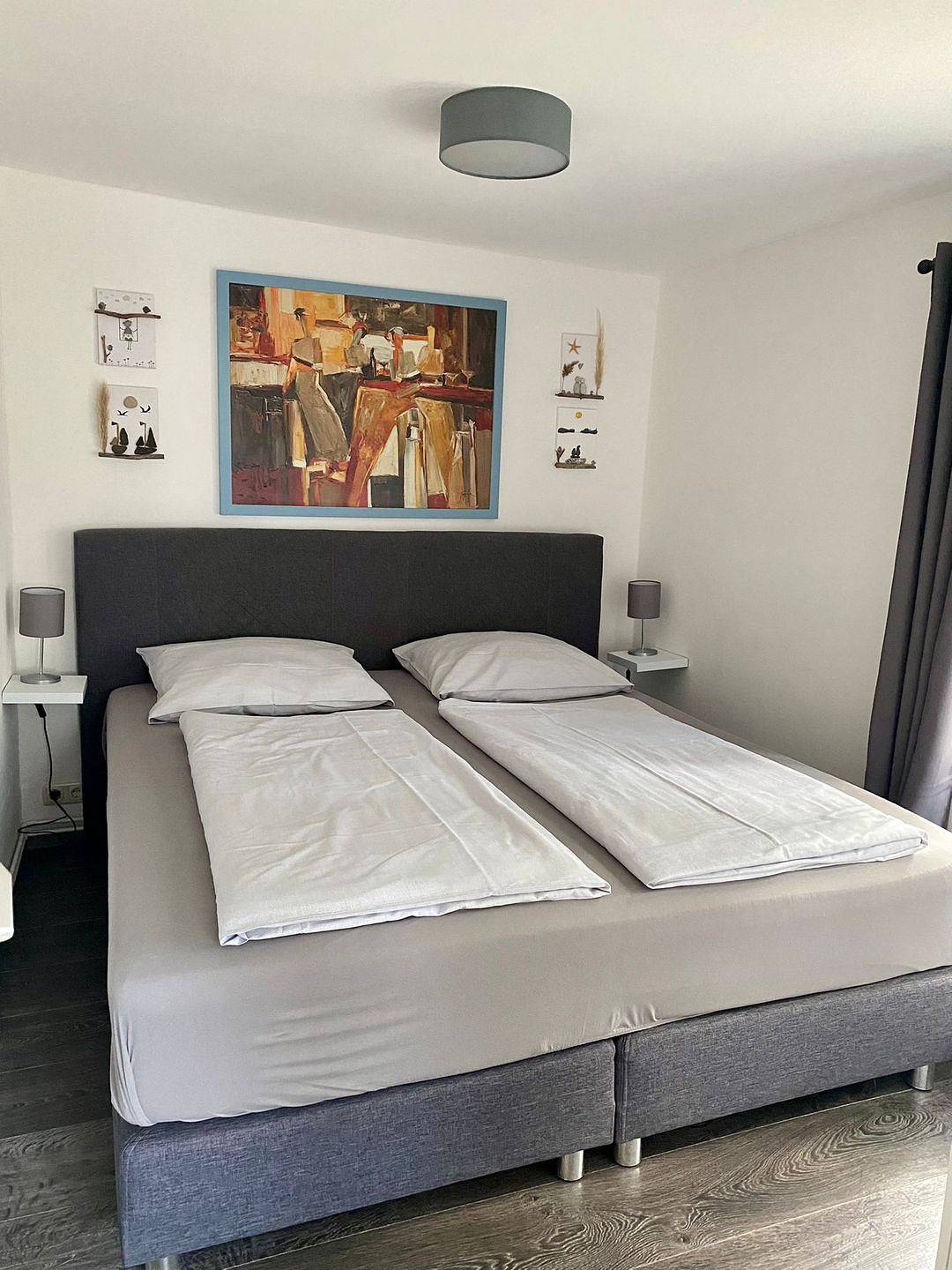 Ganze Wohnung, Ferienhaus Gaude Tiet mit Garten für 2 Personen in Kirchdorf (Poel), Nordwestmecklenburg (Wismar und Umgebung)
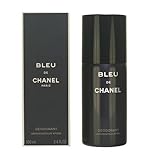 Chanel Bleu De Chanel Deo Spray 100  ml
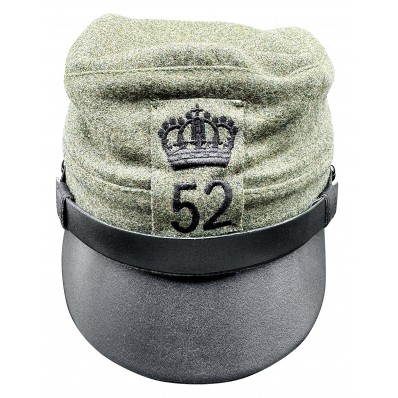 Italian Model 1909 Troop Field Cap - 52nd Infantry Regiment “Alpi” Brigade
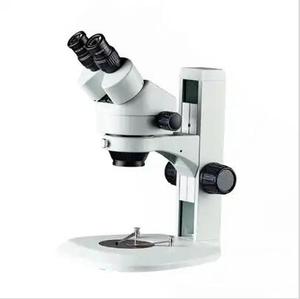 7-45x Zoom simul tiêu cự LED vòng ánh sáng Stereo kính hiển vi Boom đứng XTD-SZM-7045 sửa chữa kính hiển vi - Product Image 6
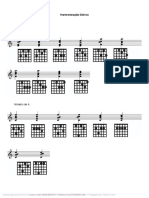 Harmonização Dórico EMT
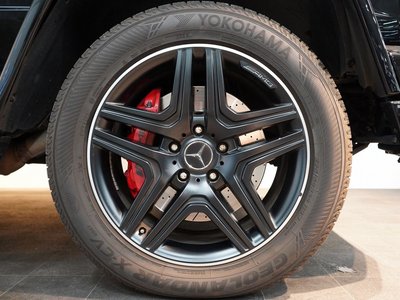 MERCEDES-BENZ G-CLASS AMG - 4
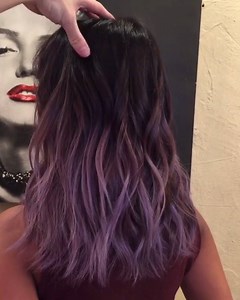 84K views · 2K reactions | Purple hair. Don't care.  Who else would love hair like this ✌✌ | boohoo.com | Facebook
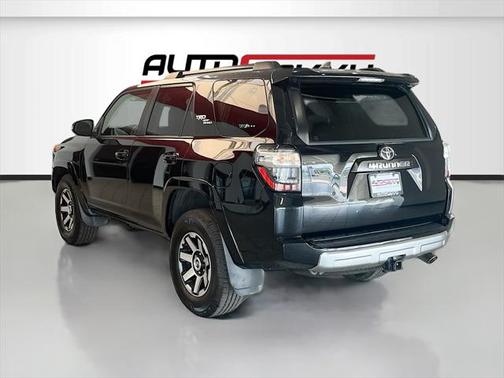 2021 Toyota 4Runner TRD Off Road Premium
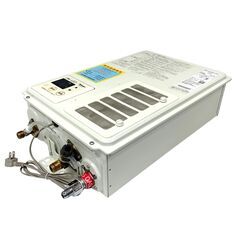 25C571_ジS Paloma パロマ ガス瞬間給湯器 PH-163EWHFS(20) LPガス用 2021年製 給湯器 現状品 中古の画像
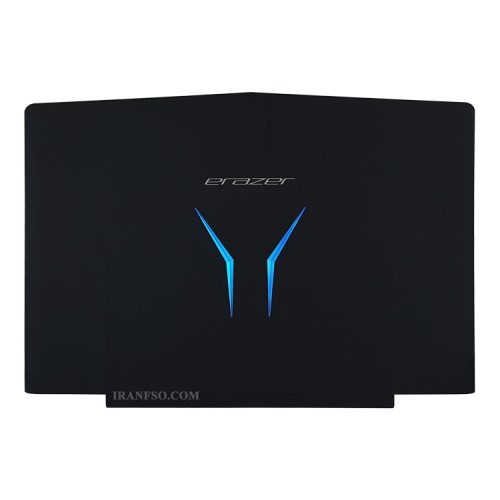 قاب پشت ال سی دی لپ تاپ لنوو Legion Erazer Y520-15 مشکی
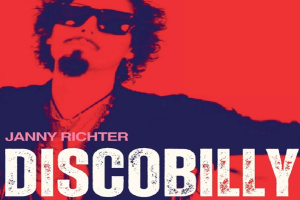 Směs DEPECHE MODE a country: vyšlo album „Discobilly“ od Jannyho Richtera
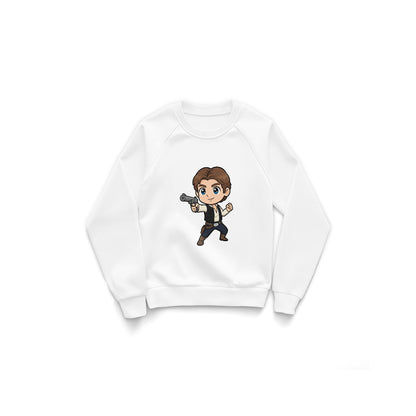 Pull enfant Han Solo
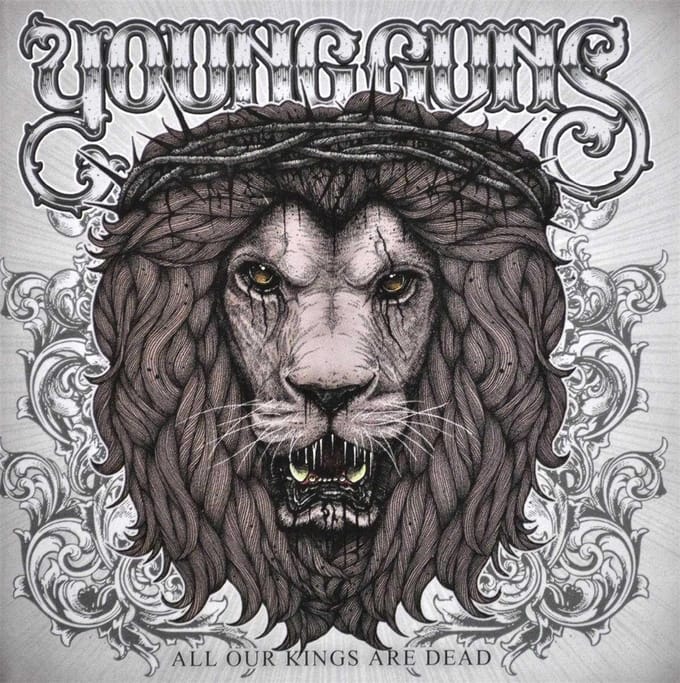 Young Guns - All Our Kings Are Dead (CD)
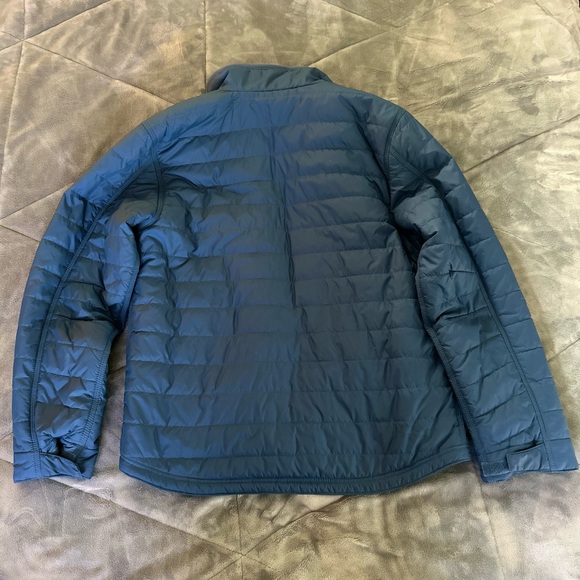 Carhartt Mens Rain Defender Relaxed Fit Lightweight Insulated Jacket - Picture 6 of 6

» Exercise
Your answer must be the exact lines of the records from the first one through the line containing "Italian Model 1909", with no pictures in it.

» Result of this exercise
 Ganze Wohnung, Ferienhaus Gaude Tiet mit Garten für 2 Personen in Kirchdorf (Poel), Nordwestmecklenburg (Wismar und Umgebung)
 Chanel Bleu De Chanel Deo Spray 100  ml
 Italian Model 1909 Troop Field Cap - 52nd Infantry Regiment “Alpi” Brigade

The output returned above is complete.